The Times pointed out that even if Obama’s stimulus package should increase employment by its promised 2.5 million, that would barely break us even for the past year. And some big shoes have yet to drop. The auto companies have promised to shed more workers (indeed, they’re likely to be obligated to do so by the terms of the bailouts they’re getting), and “employment in financial activities” declined by only 32,000. We’re expecting more than that here in New York City alone.
In addition to the increase in the official jobless rate, from 6.5 to 6.7 percent, the economic pain includes the underemployed, and discouraged workers.
Over the month, the number of persons who worked part time for economic reasons (sometimes referred to as involuntary part-time workers) continued to increase, reaching 7.3 million. The number of such workers rose by 2.8 million over the past 12 months. This category includes persons who would like to work full time but were working part time because their hours had been cut back or because they were unable to find full-time jobs.
Persons Not in the Labor Force (Household Survey Data)

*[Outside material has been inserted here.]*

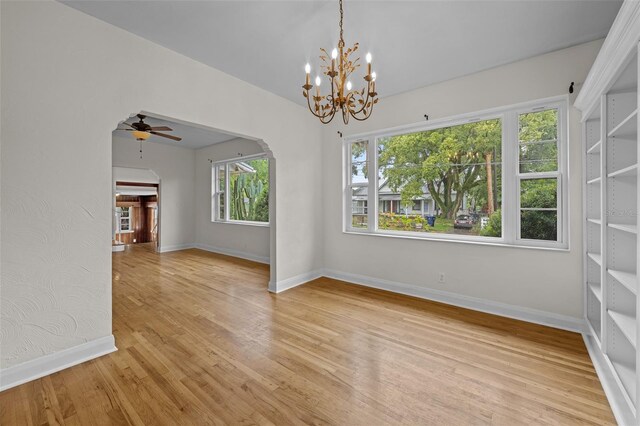 2819 N Central Ave, Tampa, FL 33602 - unfurnished room featuring light wood-type flooring, a chandelier, and ceiling fan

About 1.9 million persons (not seasonally adjusted) were marginally attached to the labor force in November, 584,000 more than 12 months earlier. These individuals wanted and were available for work and had looked for a job sometime in the prior 12 months. They were not counted as unemployed because they had not searched for work in the 4 weeks preceding the survey. Among the marginally attached, there were 608,000 discouraged workers in November, up by 259,000 from a year earlier. Discouraged workers are persons not currently looking for work specifically because they believe no jobs are available for them. The other 1.3 million persons marginally attached to the labor force in November had not searched for work in the 4 weeks preceding the survey for reasons such as school attendance or family responsibilities.
The Times, for some reason, didn’t report these additional stats, though the official unemployment number is such a limited statistic I don’t see how you can understand the job situation without them. Then again, I don’t see how you can report a net job loss as so many jobs “cut.”